The Neanderthals had their time in the sun, they hung out and they moved on and faded away. IMHO there really isn't all that much more to be gleaned from the ash pits and caves that would be all that relevant to modern man. Will the next stunning revelation about some ancient peoples prevent the next war? I doubt it.
Posted by Daniel O'Hare on November 25,2011 | 03:18 PM
Neanderthal flint tools are often fashioned for left handed use. More interesting is how many of the tools fit the hand very closely, even cortexes tools still have other refinements for a more comfortable fit during use. The tools are very durable and often have course and fine cutting areas. It is clear to me after close study of these tools that a different mentality fashioned them other than a fully modern man. They saw a rock and fashioned it to be a tool but rarely did they fashion it 100%. It still looks like a rock but is in fact is a very easy to use tool. In modern man we see a piece of flint changed completely to a new form like an American Arrow head, the arrow head no longer resembles the original shape of the raw material it was fashioned from. The modern arrow head is not very durable, so for all the work put into an arrow head it is clear a more deliberate use of ART can be seen. Neanderthal man did not lack art but it is clear they did not see a completely different object from a raw material starting shape. As long as the tool was comfortable and workable Neanderthal man did not add any value in abstract art. These tools can be dated simply by seeing Neanderthal style along with strata and sandstone impregnation on previously worked areas. Please see the tools I collected.
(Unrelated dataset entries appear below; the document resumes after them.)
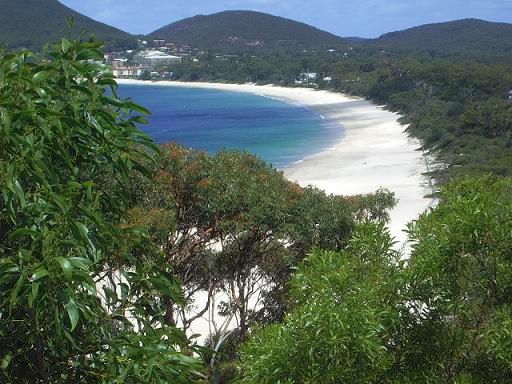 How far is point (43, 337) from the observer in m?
2.46

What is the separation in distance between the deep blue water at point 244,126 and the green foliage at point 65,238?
2940 cm

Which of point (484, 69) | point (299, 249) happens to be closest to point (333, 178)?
point (299, 249)

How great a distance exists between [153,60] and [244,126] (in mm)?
114516

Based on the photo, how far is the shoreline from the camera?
28562mm

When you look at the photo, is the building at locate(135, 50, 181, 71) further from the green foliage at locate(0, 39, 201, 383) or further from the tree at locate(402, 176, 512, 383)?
the green foliage at locate(0, 39, 201, 383)

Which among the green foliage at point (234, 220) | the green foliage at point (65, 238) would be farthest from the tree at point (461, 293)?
the green foliage at point (234, 220)

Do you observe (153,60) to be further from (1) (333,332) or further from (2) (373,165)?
(1) (333,332)

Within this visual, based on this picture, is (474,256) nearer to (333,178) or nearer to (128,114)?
(128,114)

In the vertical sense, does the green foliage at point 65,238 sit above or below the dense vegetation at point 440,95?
above

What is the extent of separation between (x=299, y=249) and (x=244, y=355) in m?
5.14

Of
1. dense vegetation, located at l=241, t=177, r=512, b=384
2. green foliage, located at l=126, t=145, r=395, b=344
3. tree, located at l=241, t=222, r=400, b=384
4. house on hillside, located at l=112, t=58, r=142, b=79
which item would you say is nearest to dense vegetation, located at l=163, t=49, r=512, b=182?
house on hillside, located at l=112, t=58, r=142, b=79

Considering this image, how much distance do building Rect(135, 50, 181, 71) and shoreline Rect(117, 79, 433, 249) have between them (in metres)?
100

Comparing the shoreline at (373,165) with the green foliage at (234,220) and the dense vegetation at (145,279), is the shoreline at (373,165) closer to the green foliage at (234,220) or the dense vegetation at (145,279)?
the green foliage at (234,220)

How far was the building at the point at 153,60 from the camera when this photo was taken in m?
167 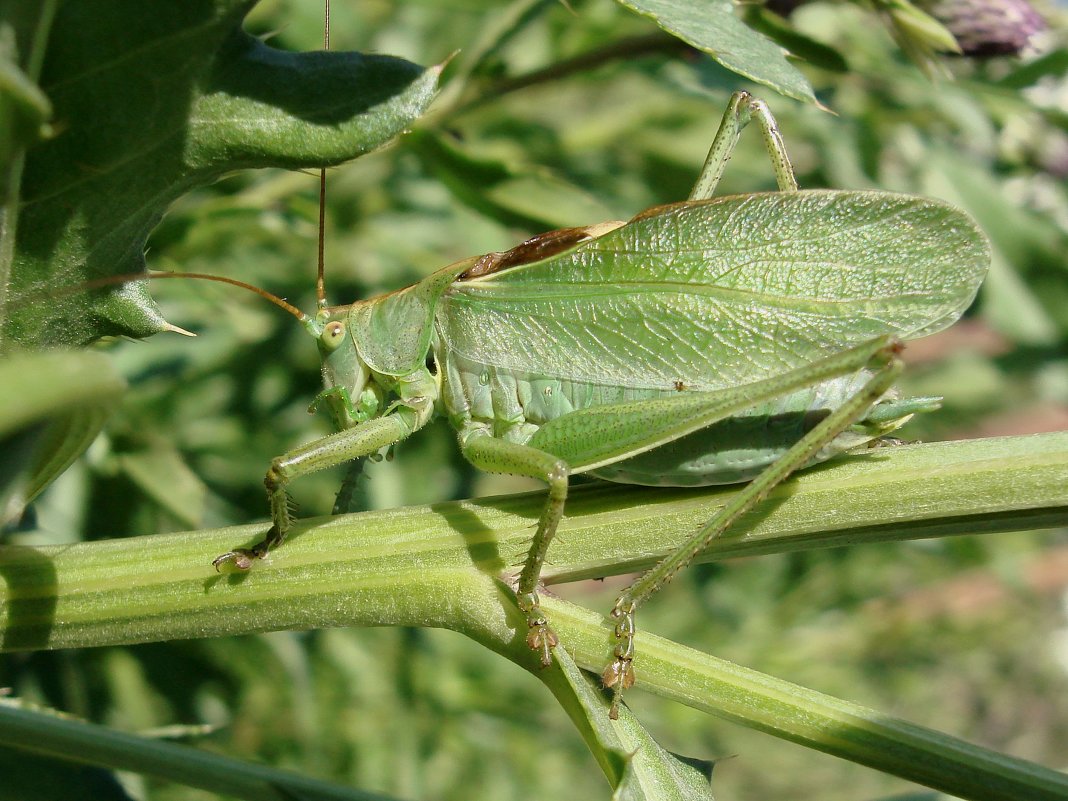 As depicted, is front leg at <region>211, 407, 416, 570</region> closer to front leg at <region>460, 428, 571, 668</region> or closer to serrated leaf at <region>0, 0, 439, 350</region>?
front leg at <region>460, 428, 571, 668</region>

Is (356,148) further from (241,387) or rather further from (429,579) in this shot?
(241,387)

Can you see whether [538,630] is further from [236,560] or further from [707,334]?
Result: [707,334]

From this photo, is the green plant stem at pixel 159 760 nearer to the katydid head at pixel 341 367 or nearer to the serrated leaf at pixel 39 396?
the serrated leaf at pixel 39 396

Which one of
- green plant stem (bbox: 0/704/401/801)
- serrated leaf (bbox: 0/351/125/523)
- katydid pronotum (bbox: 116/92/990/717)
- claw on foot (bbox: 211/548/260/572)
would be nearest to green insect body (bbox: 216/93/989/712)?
katydid pronotum (bbox: 116/92/990/717)

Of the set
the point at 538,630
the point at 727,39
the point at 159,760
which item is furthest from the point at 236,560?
the point at 727,39

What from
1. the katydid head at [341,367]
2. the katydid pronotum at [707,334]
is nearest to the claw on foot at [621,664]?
the katydid pronotum at [707,334]

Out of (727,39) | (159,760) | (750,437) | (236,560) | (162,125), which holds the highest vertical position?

http://www.flickr.com/photos/61060647@N04/page2/
Posted by Steve Brackmann on March 27,2011 | 09:19 PM
Good article about Neanderthals.
Posted by Kara on March 19,2011 | 02:30 AM
It's been known for 30 years or more that HS Neanderthalensis had a greater brain capacity than HS Sapiens, and were capable of toolmaking and artwork demanding a jeweller's loupe, as well as making and using bone and flaked stone tools. Why the sudden flurry of revisionism? Perhaps it's about time that the old ideas about HS Neanderthalensis were completely rewritten, with the boffins publicly eating their words. Even if you revise them as being 100% human, the die-hards will stick to their 'subhuman' theory, just as hundreds of Aboriginals were killed in 19thC Australia and many graves robbed to 'prove' Darwin's missing link: after all, if they're subhuman, killing and genocide isn't murder, is it?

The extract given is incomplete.